Switch ChatModelSideEffectTest and ActivityToolSideEffectTest to
scan workflow history for ActivityTaskScheduled events of the
expected activity type. That count is invariant under activity-task
redelivery and speaks directly to the plugin property under test
("the plugin scheduled the call as an activity"). Drops the impl
counters and the WorkflowReplayer pass — the former is no longer
needed, the latter is redundant with WorkflowDeterminismTest.
SideEffectToolReplayTest intentionally keeps its counter: the
Workflow.sideEffect path runs in workflow code under deterministic
replay semantics, not as an activity, so the retry-induced flake
mode doesn't apply.
Co-Authored-By: Claude Opus 4.7 (1M context) <noreply@anthropic.com>
|
@mjameswh PR has been improved, and I also opened a PR on docs to explain more about how to write these types of tests: temporalio/documentation#4481 |
What was changed
Three new tests under
src/test/.../replay/:ChatModelSideEffectTest— register aChatModelwith anAtomicIntegercounter. Run a workflow that makes one chat call, assert counter=1. Replay the captured history, assert counter still 1 — the activity result comes from history, not from re-invoking theChatModel.ActivityToolSideEffectTest— activity-backed@Toolwhose impl increments a counter. A tool-calling stubChatModelasks for the tool on the first call and returns final text on the second. Same shape: counter=1 after run, counter=1 after replay.SideEffectToolReplayTest—@SideEffectToolbody increments a file-scope counter. The workflow drives one tool call.

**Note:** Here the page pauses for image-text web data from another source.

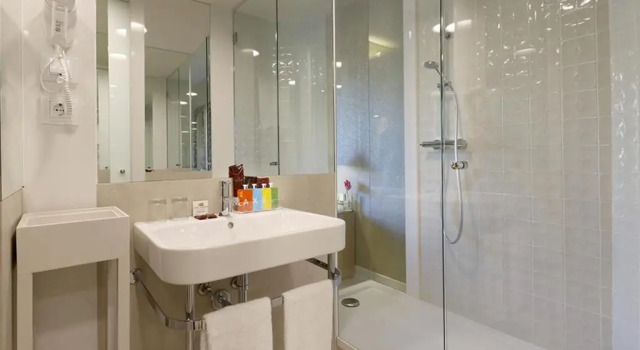 Двухместный номер Axel City Axel Hotel Barcelona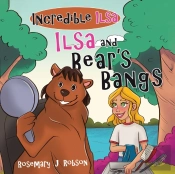 Ilsa And Bear'S Bangs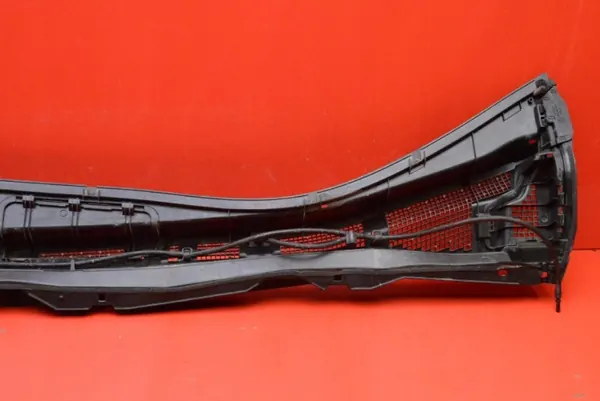 Frontscheibe OEM LL18-5951E100 für Nissan Leaf 2 image 6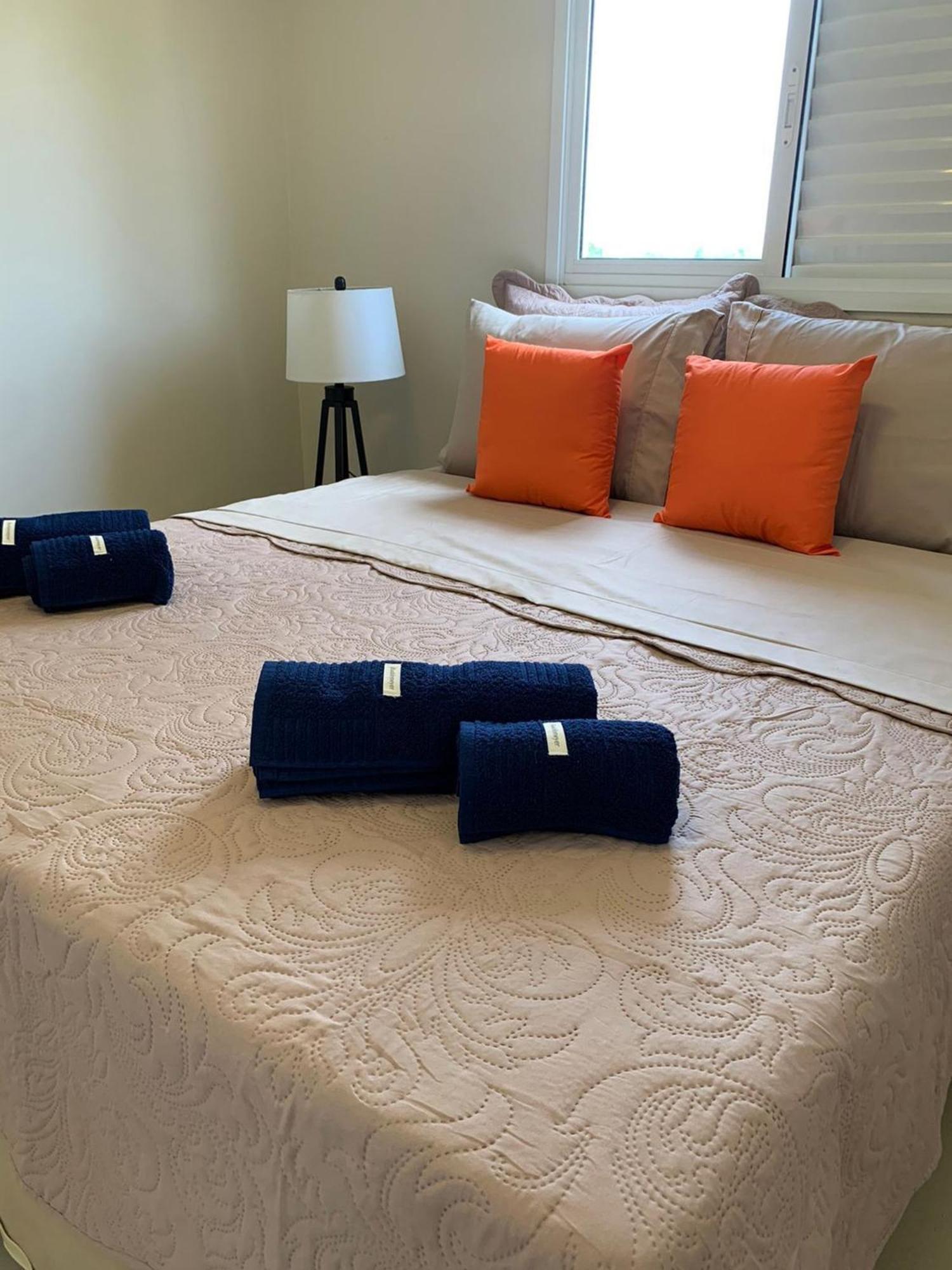 Apartament Edificio Infinite Ribeirão Preto Zewnętrze zdjęcie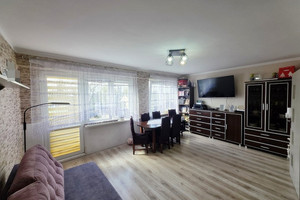 ***Mieszkanie 48 m2 w Kruszwicy, 2 pokojowe, garaż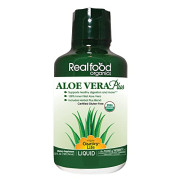 Country Life Realfood Organics Aloe Vera Plus - B003HUHQ8E Country Life Realfood Organics Aloe Vera Plus - B003HUHQ8E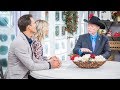 The Wish Man Frank Shankwitz Home Family
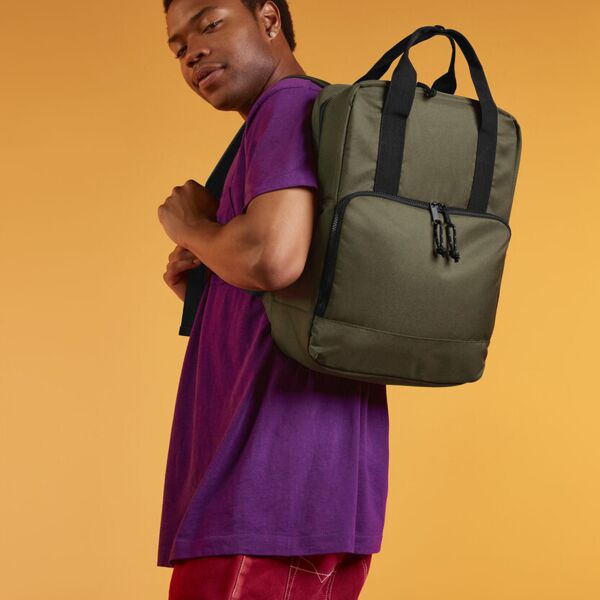 BG287 Bagbase Borsa Termica Personalizzata 9 Litri Thumbnail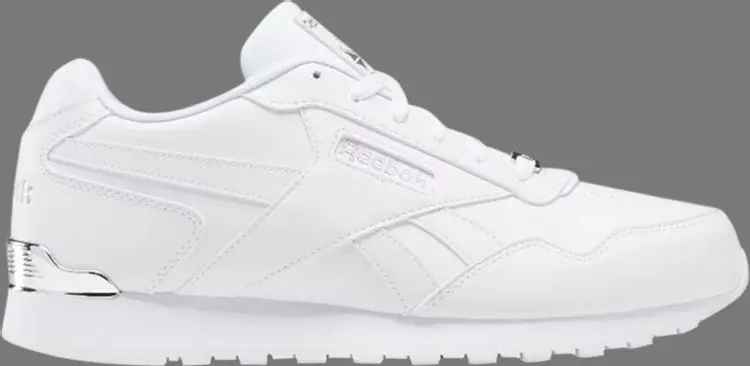

Кроссовки classic harman run sc4e 'white' Reebok, белый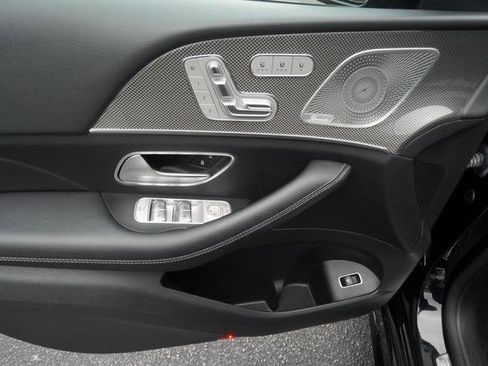 Used 2022 Mercedes-Benz GLE 350 4MATIC image 12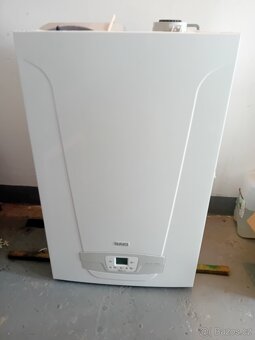 Kotel BAXI duo Tec 16 kondenzační - 3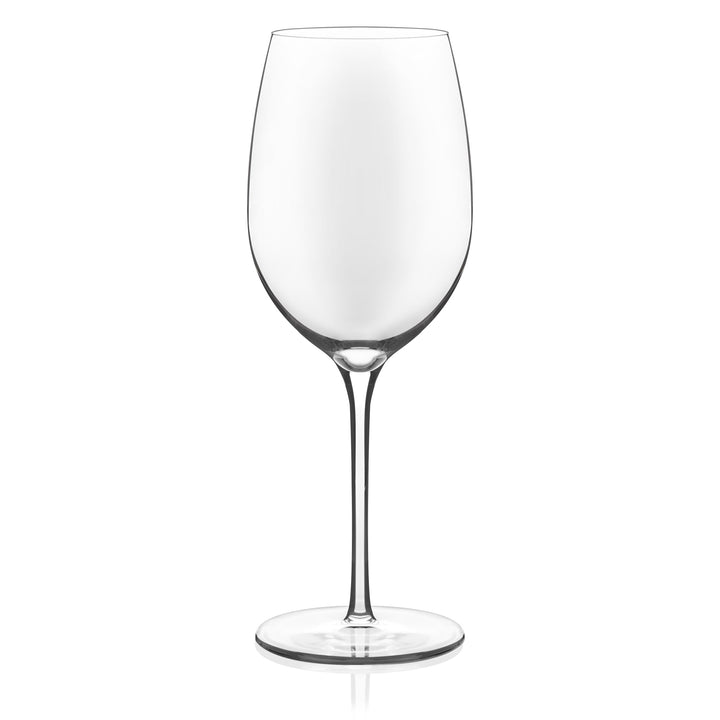 Copas de vino multiusos Libbey Signature Kentfield Estate, 473 ml, juego de 4
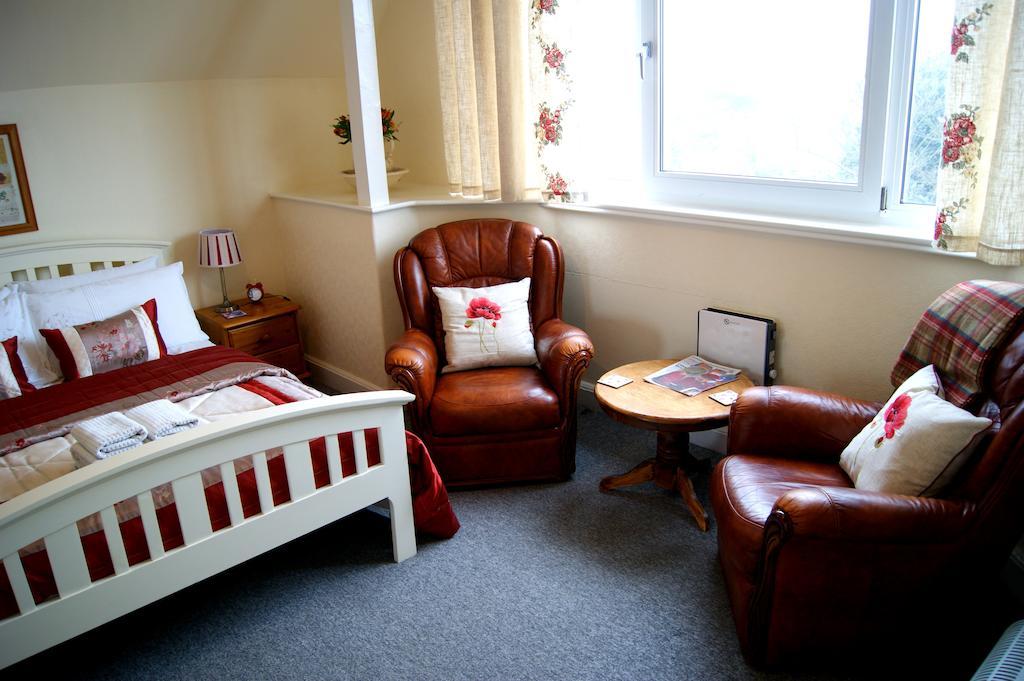 Sunset Guest House Hunstanton Oda fotoğraf A typical bedroom at the care home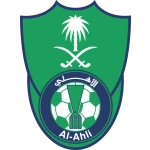 This is Logo of Home Team: Al-Ahli Jeddah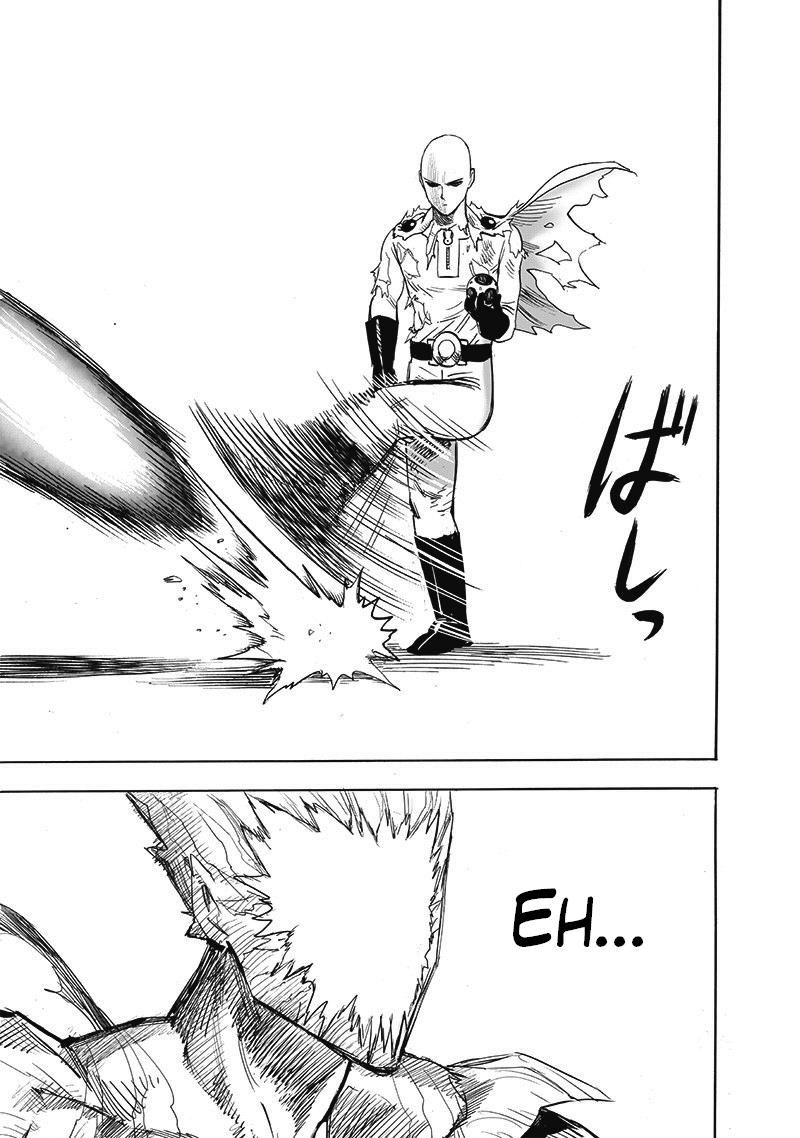 Onepunch-Man Chapter 167 — page 20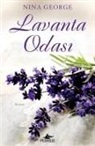 Nina George - Lavanta Odasi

Assertion proves thatWorkflow.sideEffect's marker is consulted on replay rather than re-invoking the@Toolmethod.MCP is intentionally omitted for this PR.
spring-ai-mcpiscompileOnly, and adding it just for one replay test isn't worth the dep weight — MCP tool calls go through the same Temporal activity machinery asChatModel, whichChatModelSideEffectTestalready exercises. The plan leaves this as an acceptable substitution.Why?
The existing
WorkflowDeterminismTestcatches history-vs-command mismatches but does not prove the plugin isn't re-invoking user side effects on replay. Temporal's AI partner review standards require side-effect safety tests, and a regression — someone adding an in-workflow cache or dropping theWorkflow.sideEffectwrap — would be easy to slip in without these.I verified the
SideEffectToolReplayTestactually catches a real regression: temporarily dropping theWorkflow.sideEffect(...)wrap inSideEffectToolCallback.call(...)producesexpected: <1> but was: <2>exactly as intended. Restored before this commit.